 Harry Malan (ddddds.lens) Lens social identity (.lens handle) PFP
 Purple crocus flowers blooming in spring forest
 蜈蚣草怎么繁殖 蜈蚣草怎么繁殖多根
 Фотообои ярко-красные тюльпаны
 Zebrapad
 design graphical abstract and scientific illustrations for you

==============================

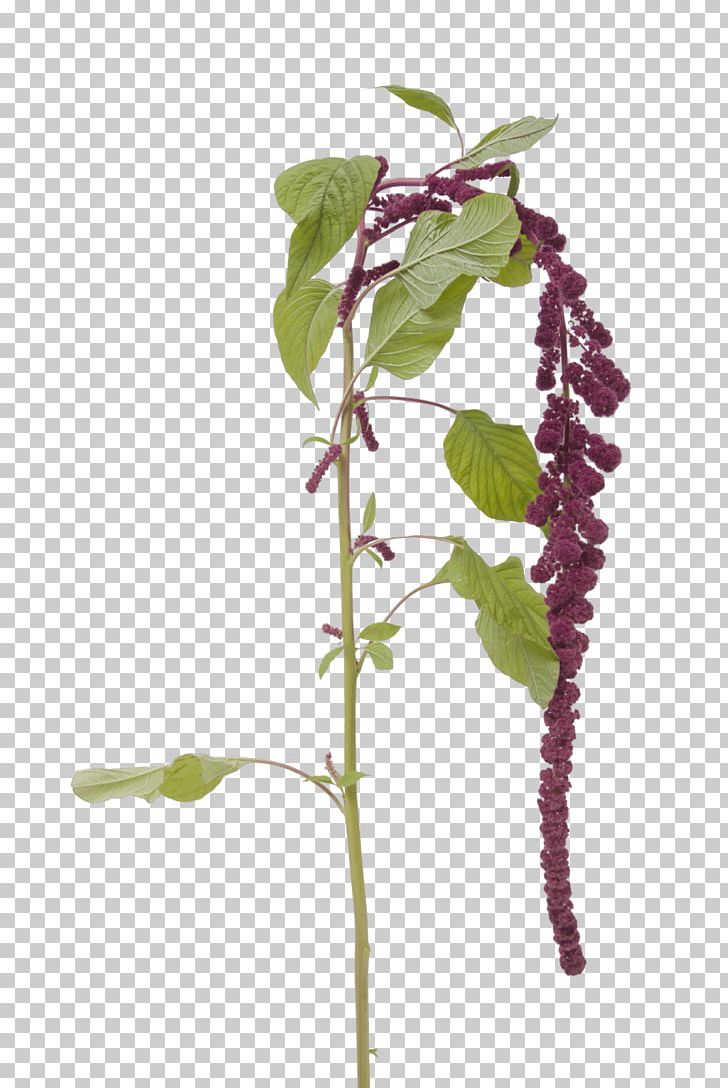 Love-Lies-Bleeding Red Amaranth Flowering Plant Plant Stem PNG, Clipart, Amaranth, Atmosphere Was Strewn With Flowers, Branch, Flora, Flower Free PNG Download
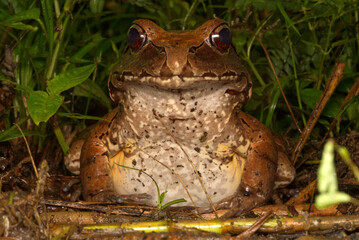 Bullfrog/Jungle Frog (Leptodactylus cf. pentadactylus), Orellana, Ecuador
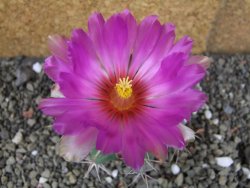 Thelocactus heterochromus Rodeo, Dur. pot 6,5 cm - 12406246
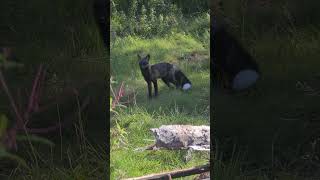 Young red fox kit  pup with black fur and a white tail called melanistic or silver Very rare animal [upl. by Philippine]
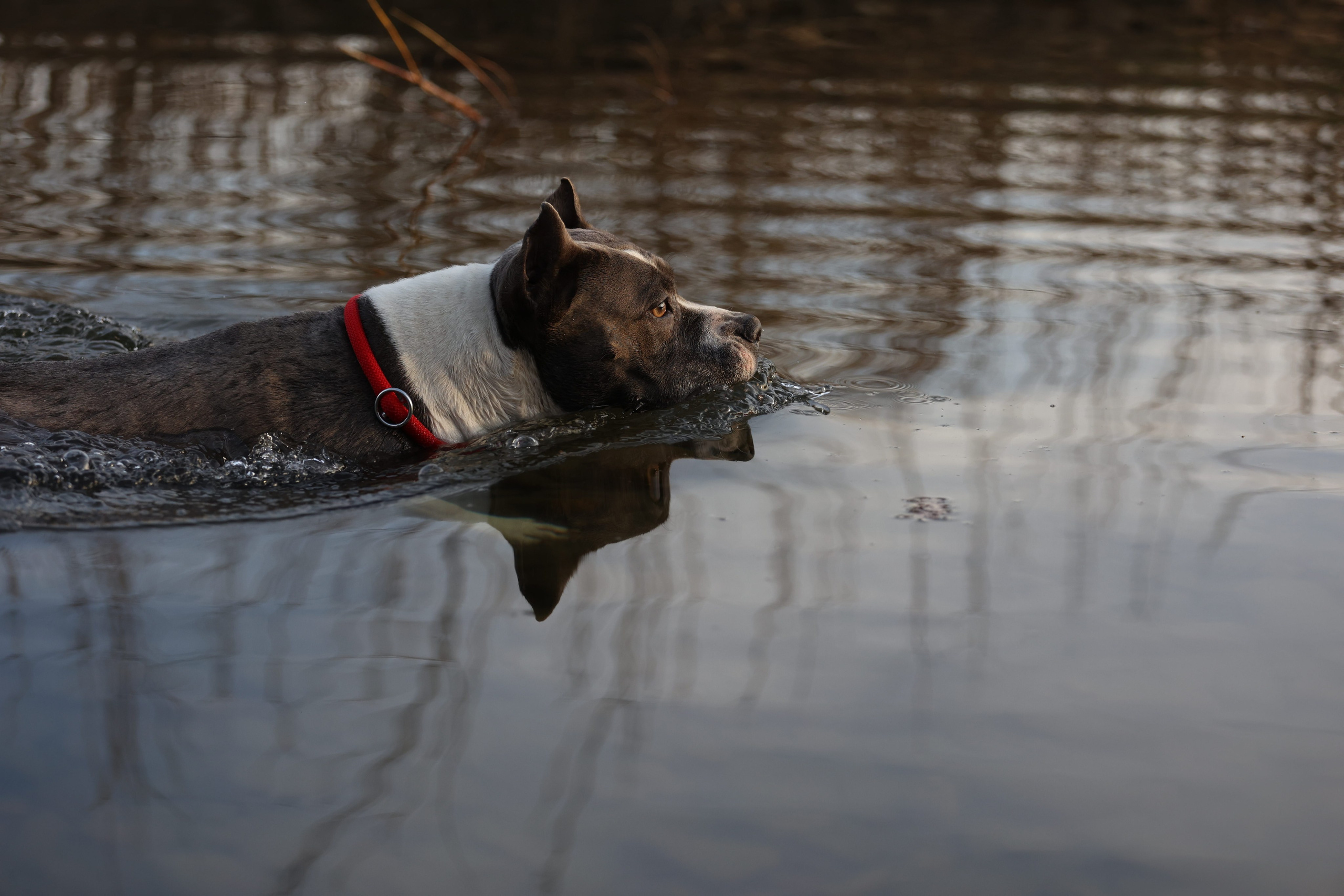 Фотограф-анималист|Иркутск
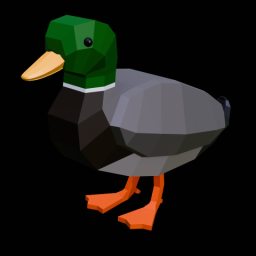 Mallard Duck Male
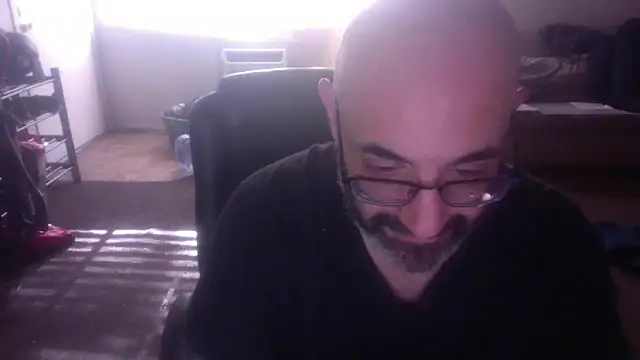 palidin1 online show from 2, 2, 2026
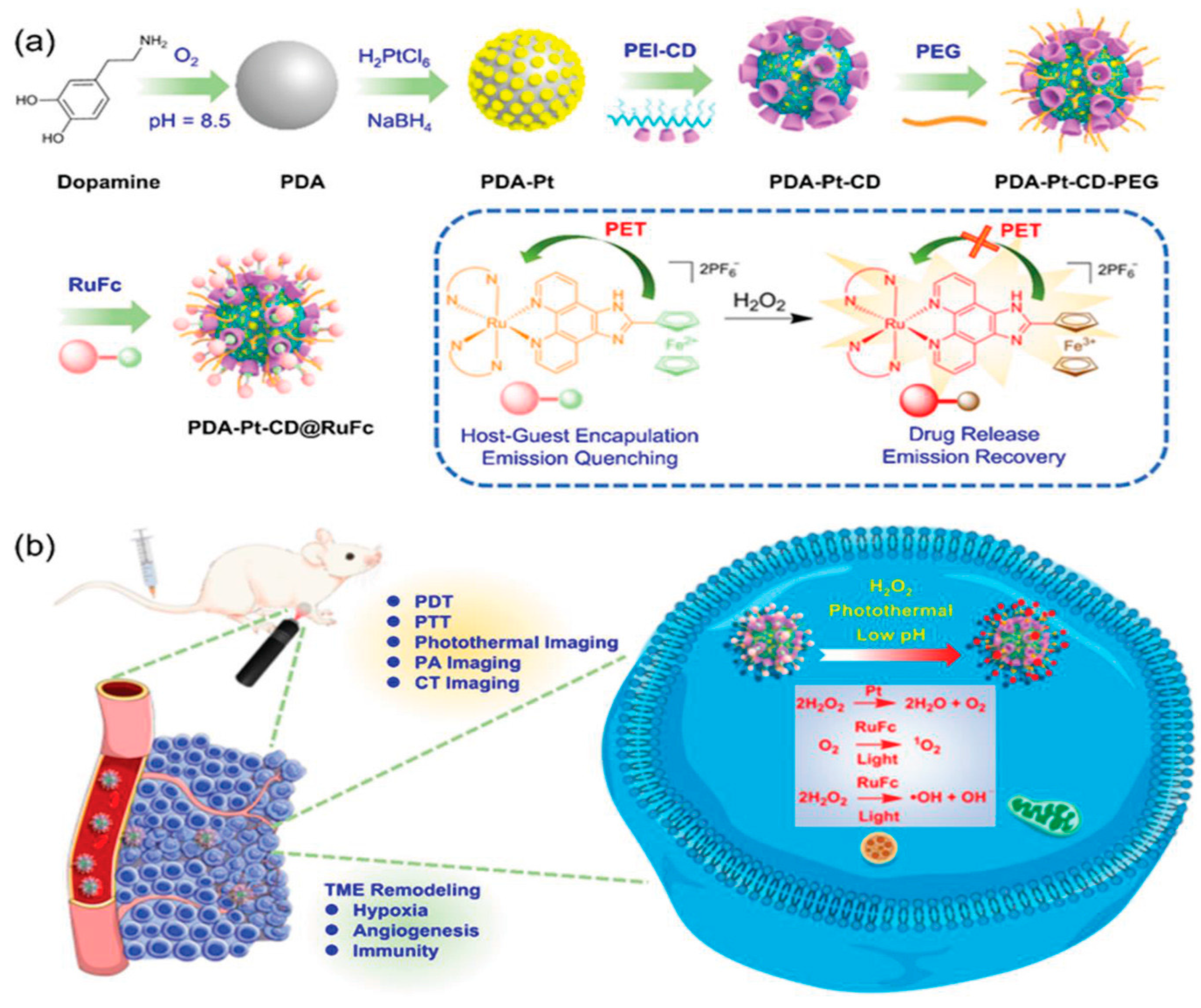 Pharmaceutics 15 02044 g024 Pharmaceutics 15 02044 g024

==============================

Print, exactly, each line above from the one with "Love-Lies-Bleeding Red Amaranth" to the one with "Pharmaceutics 15 02044 g024 Pharmaceutics", end lines included. Leave pictures out of it.

 Love-Lies-Bleeding Red Amaranth Flowering Plant Plant Stem PNG, Clipart, Amaranth, Atmosphere Was Strewn With Flowers, Branch, Flora, Flower Free PNG Download
 Bullfrog/Jungle Frog (Leptodactylus cf. pentadactylus), Orellana, Ecuador
 Thelocactus heterochromus Rodeo, Dur. pot 6,5 cm - 12406246
 Young red fox kit  pup with black fur and a white tail called melanistic or silver Very rare animal [upl. by Philippine]
 Фотограф-анималист|Иркутск
 Mallard Duck Male
 palidin1 online show from 2, 2, 2026
 Pharmaceutics 15 02044 g024 Pharmaceutics 15 02044 g024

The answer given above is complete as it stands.